Dataset excerpts:
• • • •

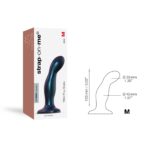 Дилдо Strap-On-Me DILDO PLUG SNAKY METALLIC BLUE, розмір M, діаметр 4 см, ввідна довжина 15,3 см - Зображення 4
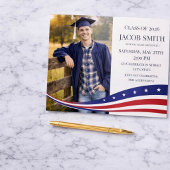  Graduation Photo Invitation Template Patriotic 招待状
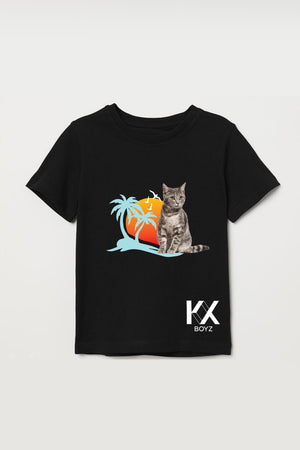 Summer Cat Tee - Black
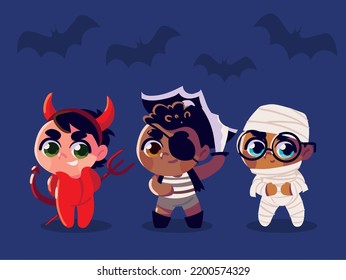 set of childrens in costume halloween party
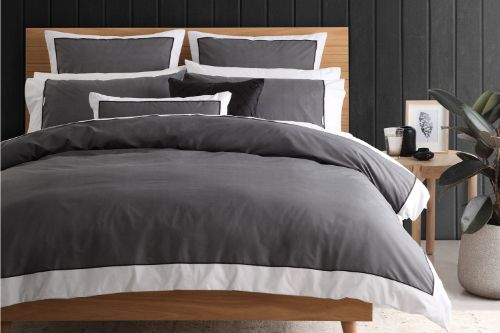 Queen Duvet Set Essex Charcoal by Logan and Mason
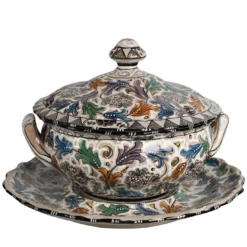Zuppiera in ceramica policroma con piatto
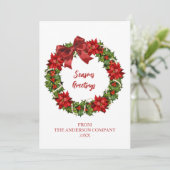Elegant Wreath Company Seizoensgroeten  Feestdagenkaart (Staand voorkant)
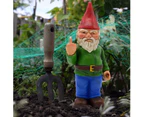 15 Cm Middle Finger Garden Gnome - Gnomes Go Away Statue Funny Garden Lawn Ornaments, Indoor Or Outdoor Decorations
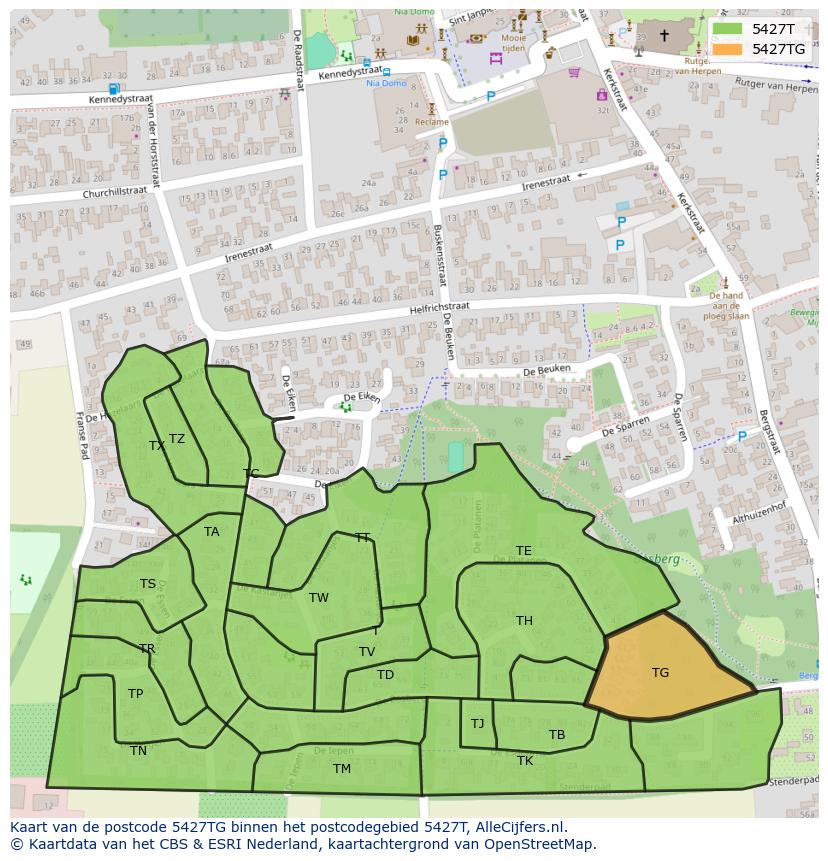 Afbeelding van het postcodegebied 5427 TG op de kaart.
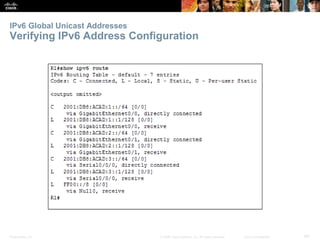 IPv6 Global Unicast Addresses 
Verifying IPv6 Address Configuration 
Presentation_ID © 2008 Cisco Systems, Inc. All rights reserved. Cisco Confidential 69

• • • •

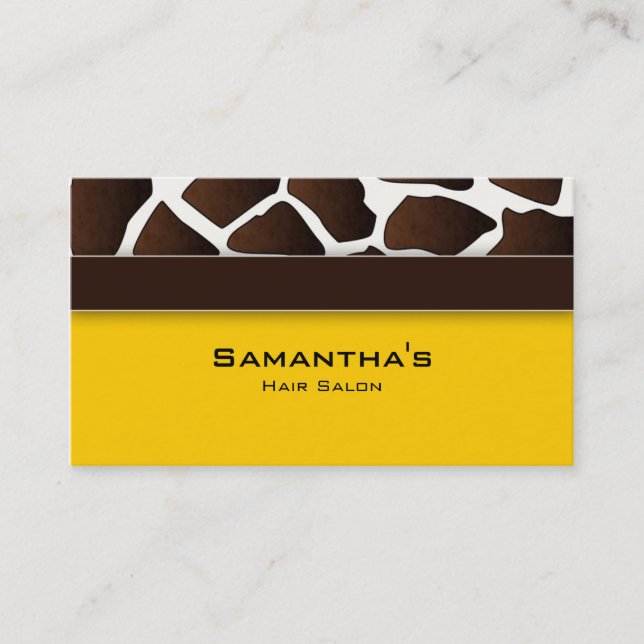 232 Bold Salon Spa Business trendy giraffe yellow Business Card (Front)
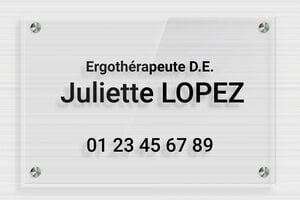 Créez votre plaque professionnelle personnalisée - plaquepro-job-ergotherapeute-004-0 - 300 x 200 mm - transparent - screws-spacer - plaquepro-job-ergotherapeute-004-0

• • • •

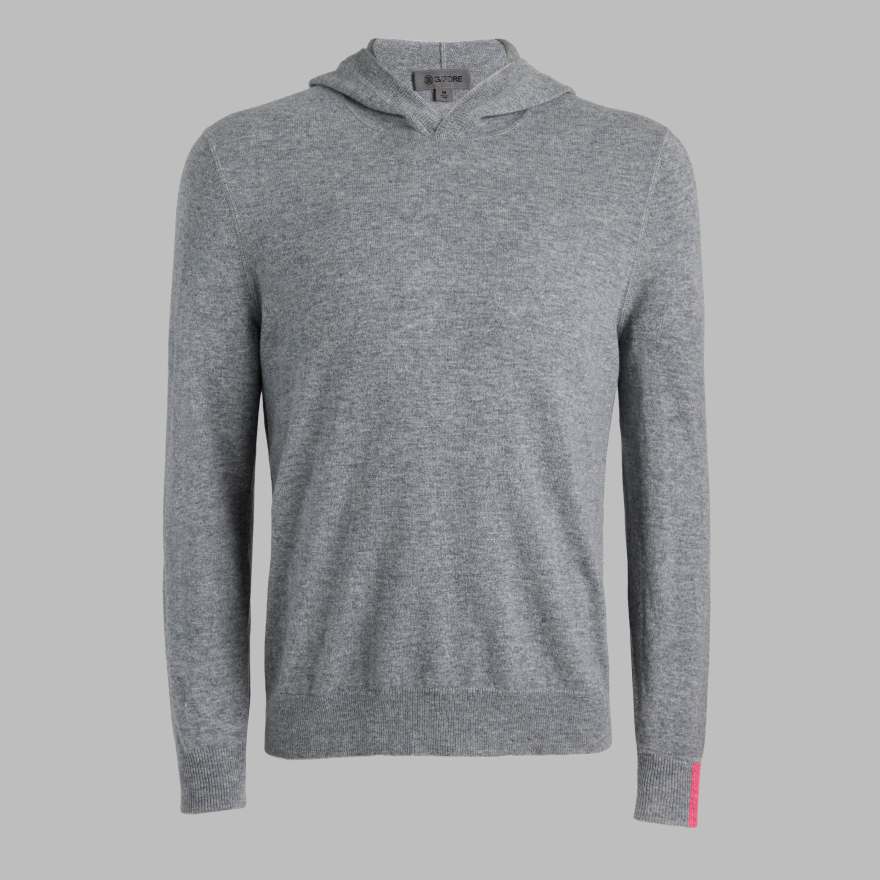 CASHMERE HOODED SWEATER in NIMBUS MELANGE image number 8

• • • •

Activity: Using the records above, print exactly the run of lines that starts with the line with "Afbeelding van het" and goes on through the line with "Presentation_ID © 2008", pictures excluded.

Completed task:
 Afbeelding van het postcodegebied 5427 TG op de kaart.
 IPv6 Global Unicast Addresses 
Verifying IPv6 Address Configuration 
Presentation_ID © 2008 Cisco Systems, Inc. All rights reserved. Cisco Confidential 69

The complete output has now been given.